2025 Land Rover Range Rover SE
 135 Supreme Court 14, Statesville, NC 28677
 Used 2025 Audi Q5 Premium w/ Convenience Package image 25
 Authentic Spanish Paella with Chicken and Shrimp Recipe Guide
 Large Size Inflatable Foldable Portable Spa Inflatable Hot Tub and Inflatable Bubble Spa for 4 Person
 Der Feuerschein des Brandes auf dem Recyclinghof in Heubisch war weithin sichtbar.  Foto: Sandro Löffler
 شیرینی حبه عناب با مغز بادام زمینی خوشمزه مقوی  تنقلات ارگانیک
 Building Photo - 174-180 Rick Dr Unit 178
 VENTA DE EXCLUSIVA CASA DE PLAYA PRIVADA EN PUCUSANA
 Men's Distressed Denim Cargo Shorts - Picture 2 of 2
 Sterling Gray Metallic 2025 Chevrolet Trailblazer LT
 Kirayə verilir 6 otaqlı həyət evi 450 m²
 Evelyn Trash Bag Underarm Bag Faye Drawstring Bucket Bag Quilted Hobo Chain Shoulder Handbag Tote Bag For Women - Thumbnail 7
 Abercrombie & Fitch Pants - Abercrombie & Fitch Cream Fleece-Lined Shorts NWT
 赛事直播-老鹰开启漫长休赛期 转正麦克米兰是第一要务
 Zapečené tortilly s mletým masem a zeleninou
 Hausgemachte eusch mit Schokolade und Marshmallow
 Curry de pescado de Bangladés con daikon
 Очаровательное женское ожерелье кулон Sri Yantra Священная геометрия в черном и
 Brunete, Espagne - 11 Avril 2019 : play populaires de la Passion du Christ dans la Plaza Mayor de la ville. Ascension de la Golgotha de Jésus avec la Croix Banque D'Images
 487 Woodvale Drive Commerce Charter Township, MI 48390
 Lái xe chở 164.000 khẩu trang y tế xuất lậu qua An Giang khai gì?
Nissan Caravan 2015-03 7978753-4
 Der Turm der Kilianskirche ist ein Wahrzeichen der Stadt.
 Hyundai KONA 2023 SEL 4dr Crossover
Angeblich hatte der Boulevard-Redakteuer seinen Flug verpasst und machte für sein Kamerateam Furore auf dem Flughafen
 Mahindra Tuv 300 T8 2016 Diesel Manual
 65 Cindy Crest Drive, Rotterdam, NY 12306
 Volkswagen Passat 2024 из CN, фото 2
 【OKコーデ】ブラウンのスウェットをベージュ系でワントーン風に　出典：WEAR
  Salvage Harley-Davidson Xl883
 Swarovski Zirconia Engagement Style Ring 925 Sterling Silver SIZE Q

··········

- **Task item**: Without leaving anything out, output all of the data above exactly.

- **Answer section**:
2025 Land Rover Range Rover SE
 135 Supreme Court 14, Statesville, NC 28677
 Used 2025 Audi Q5 Premium w/ Convenience Package image 25
 Authentic Spanish Paella with Chicken and Shrimp Recipe Guide
 Large Size Inflatable Foldable Portable Spa Inflatable Hot Tub and Inflatable Bubble Spa for 4 Person
 Der Feuerschein des Brandes auf dem Recyclinghof in Heubisch war weithin sichtbar.  Foto: Sandro Löffler
 شیرینی حبه عناب با مغز بادام زمینی خوشمزه مقوی  تنقلات ارگانیک
 Building Photo - 174-180 Rick Dr Unit 178
 VENTA DE EXCLUSIVA CASA DE PLAYA PRIVADA EN PUCUSANA
 Men's Distressed Denim Cargo Shorts - Picture 2 of 2
 Sterling Gray Metallic 2025 Chevrolet Trailblazer LT
 Kirayə verilir 6 otaqlı həyət evi 450 m²
 Evelyn Trash Bag Underarm Bag Faye Drawstring Bucket Bag Quilted Hobo Chain Shoulder Handbag Tote Bag For Women - Thumbnail 7
 Abercrombie & Fitch Pants - Abercrombie & Fitch Cream Fleece-Lined Shorts NWT
 赛事直播-老鹰开启漫长休赛期 转正麦克米兰是第一要务
 Zapečené tortilly s mletým masem a zeleninou
 Hausgemachte eusch mit Schokolade und Marshmallow
 Curry de pescado de Bangladés con daikon
 Очаровательное женское ожерелье кулон Sri Yantra Священная геометрия в черном и
 Brunete, Espagne - 11 Avril 2019 : play populaires de la Passion du Christ dans la Plaza Mayor de la ville. Ascension de la Golgotha de Jésus avec la Croix Banque D'Images
 487 Woodvale Drive Commerce Charter Township, MI 48390
 Lái xe chở 164.000 khẩu trang y tế xuất lậu qua An Giang khai gì?
Nissan Caravan 2015-03 7978753-4
 Der Turm der Kilianskirche ist ein Wahrzeichen der Stadt.
 Hyundai KONA 2023 SEL 4dr Crossover
Angeblich hatte der Boulevard-Redakteuer seinen Flug verpasst und machte für sein Kamerateam Furore auf dem Flughafen
 Mahindra Tuv 300 T8 2016 Diesel Manual
 65 Cindy Crest Drive, Rotterdam, NY 12306
 Volkswagen Passat 2024 из CN, фото 2
 【OKコーデ】ブラウンのスウェットをベージュ系でワントーン風に　出典：WEAR
  Salvage Harley-Davidson Xl883
 Swarovski Zirconia Engagement Style Ring 925 Sterling Silver SIZE Q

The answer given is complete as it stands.